Interview: My Reading Life (with Chris Offutt)


What are six books you loved? For one of them, why did you love it?

A Flag for Sunrise by Robert Stone.
Laidlaw by William McIlvanney.
Play it as it Lays by Joan Didion.
The Tartar Steppe by Dino Buzzati
The Stories of Breece by D’J Pancake.

Pancake was the first writer to emerge from the Appalachian culture I knew. Post War on Poverty. Post-Vietnam. Post completion of the Interstate system. I’d read thousands of books before his but never about people I knew.  

What is a book you didn’t like, and why?

No idea. If I don’t like a book, I quit reading. Then I forget the book. I don’t see the value in trying to remember what I don’t like. Too much effort to keep track.  

What is a funny/interesting/unique anecdote about you as a reader?

I never use bookmarks.

 What book or books are you planning to read soon?

My to-read shelf has about 40 books. What I read next will depend upon frame of mind when I finish the book I’m reading now. Currently I am writing the first draft of a novel. When working, I try to avoid books with an overt style that I will unconsciously absorb. Also, because the current project is in third person, I am not reading any first-person books until I finish a draft.

What book do you always recommend?

I recommend books based on what someone tells me they are interested in. Subject matter. Setting. Story. Genre. No one book for every person.

What book/books changed the way you see the world and your place in it?

Possibly the works of James Baldwin and Albert Camus.

What was your favorite childhood book?


Have you ever read anything that made you think differently about fiction/nonfiction?

Nope. I just read and hope to learn. Any case of “thinking differently” about the form is gradual for me. More a case of accretion. No eureka moments yet.

What’s your favorite under-appreciated novel?

More a case of under-appreciated writers than any single novel.
Tom Drury. Jean Rhys. Robert Olmstead. Mary Hood. James Sallis. James Alan Mcpherson. Jean Thompson. Don Carpenter. Charles Portis.

What authors did you dislike at first but grew into?

I’ve never had that experience. If I dislike a book, I don’t finish it and tend not to remember those books. Sometimes, a few years later, I’ll read another book by the writer, usually because I forgot I didn’t like the first one.

What book have you read that has most influenced your life?

I can’t think of any single book that had that much effect. The influences on my life have been travel, solitude, family, friends, and being outside.  

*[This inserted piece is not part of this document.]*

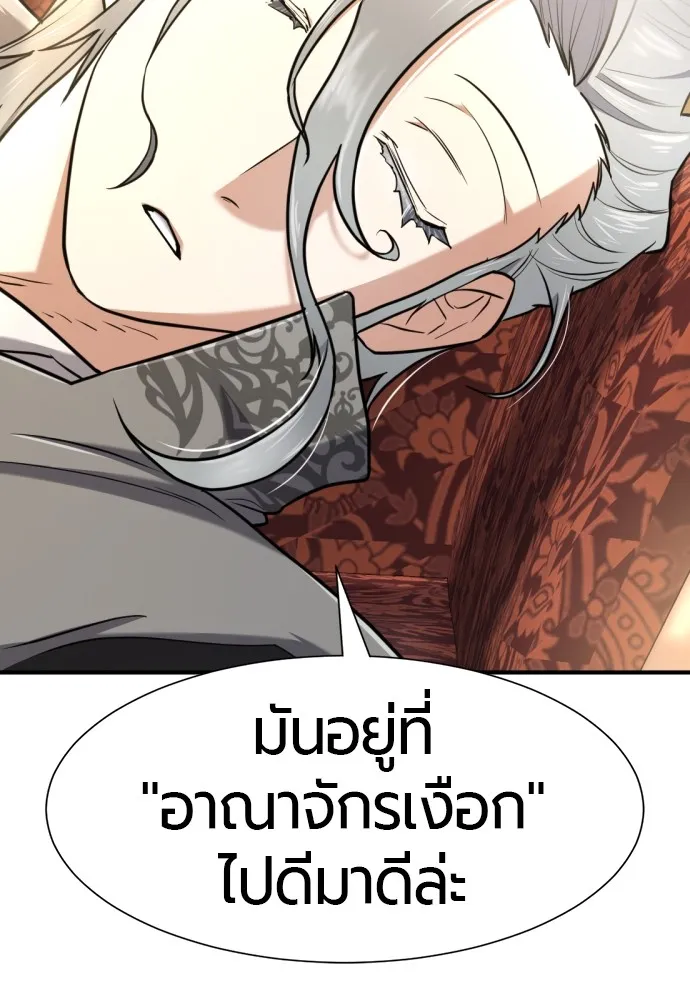 หน้า 128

Who are your favorite writers?

Novels:  Jean Rhys, Joan Didion, Robert Stone, Graham Greene.
Short stories: Flannery O’Connor, Ernest Hemingway, Tobias Wolff.
Crime:  Massimo Carlotto, William McIlvanney, Val McDermid.
Espionage:  John Le Carre, Charles McCarry, Daniel Silva.
My reading in Horror, SF, Western, and Romance is limited.

What do you read on holiday?

I took one vacation in my life. My wife and I wound up going to the childhood homes of Laura Ingalls Wilder and Samuel Clemens. Mainly we read maps.

Which author (living or dead) do you think is most overrated?

I have no idea. I don’t really follow trends in popularity of writers. It’s not a way of thinking for me.

What is your favorite book published in the past twelve months?

The Last Taxi Driver by Lee Durkee. (He’s a friend.)

Did your parents read to you when you were young?

No.

Which book have you given most frequently as a gift to others?

I’ve given hundreds of books away. I haven’t kept track of them all. In my house, books are constantly arriving and departing. It’s like a train station of literature.

Which fictional character would you most like to have a drink with, and why?

I try to avoid alcohol. Especially with imaginary friends.

Where do you buy your books?

Square Books in Oxford, MS.  
Greatest Hits, Music and Books in Tupelo, MS. Used bookstores when I travel.

What impact can a book have on the reader?

Impact is directly related to how much force was used to strike the reader. To calculate the force of impact, divide kinetic energy by distance.  F = (0.5 * m * v^2) ÷ d



End of interview 





Chris Offutt is the author of Country Dark, Kentucky Straight, Out of the Woods, The Same River Twice, No Heroes, The Good Brother, and My Father the Pornographer. His new novel, The Killing Hills, is forthcoming in March 2021 from Grove Atlantic. His writing has received a Pushcart Prize and a Guggenheim Award, an NEA, and an award from the American Academy of Arts and Letters for “prose that takes risks.” His work has also been included in many anthologies and textbooks, including Best American Short Stories, Best American Essays, Best American Food Writing, and Modern American Memoirs.  
To finance his sons’ college education, he worked in Hollywood for seven years, writing screenplays for True Blood, Weeds, Treme, and four pilots commissioned by various studios.
He grew up in the hills of eastern Kentucky and currently lives in rural Lafayette County near Oxford, Mississippi. He lives on an acreage at the end of a dirt road where he raises chickens and vegetables. He might get goats next. He drives a pickup.